Men with PI-RADS 4 or 5 ROI but no evidence of clinically significant prostate cancer defined as any Gleason pattern 4 disease following an initial biopsy should undergo early repeat MRI, and potentially repeat biopsy. That is the conclusion from a recent prospective study from investigators at NYU Langone Health, which reports that repeat biopsy has a clinically significant cancer detection rate of 40 percent.

“This diagnostic strategy will decrease false negative biopsies in men presenting with high risk of harboring clinically significant disease.”

Herbert Lepor, MD

Published in the Canadian Urological Association Journal, the study evaluated 36 men with at least one PI-RADS 4 or 5 ROI and no clinically significant cancer on prior MRI fusion target biopsy plus systemic biopsy. All patients underwent repeat MRI, which led to 14 ROIs being downgraded to PI-RADS 1 or 2.

A total of 20 ROIs remained suspicious following repeat MRI and were subjected to repeat targeted and systematic biopsy, with eight ultimately found to harbor clinically significant cancer. All repeat biopsies were completed within one year of the initial biopsy, suggesting that the detection of prostate cancer can be attributed to sampling error rather than disease progression.

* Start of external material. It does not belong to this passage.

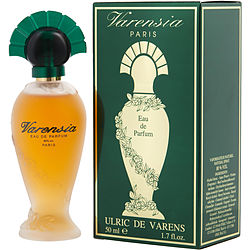 Varensia perfume image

The investigators also report that a high baseline level of prostate-specific antigen (PSA) may serve as a predictor of finding cancer on repeat biopsy.

“Our study supports a recommendation for early repeat biopsy for patients with PI-RADS 4 or 5 exhibiting no clinically significant cancer on initial biopsy who have persistently suspicious PI-RADS greater than 2 ROI,” says urologic oncologist Herbert Lepor, MD, senior author of the study. “This diagnostic strategy will decrease false negative biopsies in men presenting with high risk of harboring clinically significant disease.”